One embodiment of the interceptor 100 system is fully automated and
autonomous, and discussed further below. The interceptor 100 system
may separately interact with other sensors, tracking systems, and
communication systems as described herein. The sensors, tracking
systems, and communication systems may be discrete systems
configured to interact and communicate, or they may form one
integral system, and are well known to those of skill in the art.
For convenience, apart from the interceptor 100 and its various
components, this system will be referred to as the guidance system.
The guidance system may be housed on and part of the interceptor
100, or it may be ground based, with wireless communication to the
interceptor 100 using standard communication technology and
components such as RF, cell phone, or other forms of wireless or
wired data transmission.
[0073] In one exemplary embodiment shown in FIG. 9, two zones are
identified in the guidance system, an outer warning zone 901 and an
inner defended zone 902 (a sub-region within the warning zone 901).

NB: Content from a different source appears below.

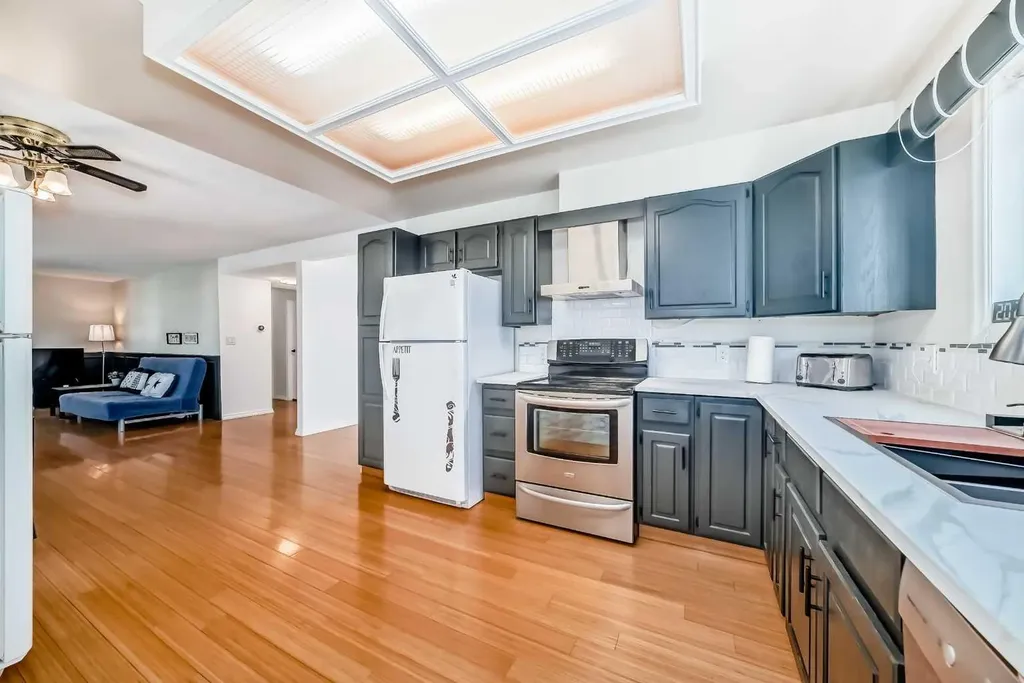 6907 6 Street SW Calgary AB T2V 5H8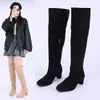 Botas altas de estilo retro, convertibles, hasta la rodilla para 2026, con un elegante diseño negro, tacón alto y cremallera lateral, creando un efecto adelgazante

The size and configuration of the outer warning zone 901 and inner
defended zone 902 can be selected by a user (for example, a 10 mile
circumference and a 5 mile circumference, respectively, around a
particular location/asset), or prepopulated with default or
selectable options. A sensor detects, tracks, and identifies the
target 903, normally a threat UAS. Sensors for detecting, tracking,
and classifying targets 903 are well known to those of skill in the
art, and not repeated here. Once the target 903 is identified and
within the outer warning zone 901, the guidance system and
interceptor may begin an automated engagement sequence. At this
point, an operator may be given the opportunity to hold or abort
the automated process. While the threat UAS is in the warning zone
901, the interceptor 100 takes up an escort position 906. In this
mode, onboard sensors on the interceptor 100 may provide final
confirmation of the target 903. Once the threat UAS enters the
defended zone 902, the interceptor 100 may automatically begin the
intercept procedure. In the event that the interceptor 100 misses
on the first pass, the system automatically re-engages and
commences a second pass. This repeats until capture of the threat
UAS is confirmed, designated as the capture position 909. Once
captured, the system automatically returns the threat UAS to a
predefined recovery location 910. The interceptor propulsion system
may then replenished, the engagement mechanism is reset, and the
interceptor 100 may be placed back into or onto the launch
apparatus, or otherwise readied for deployment.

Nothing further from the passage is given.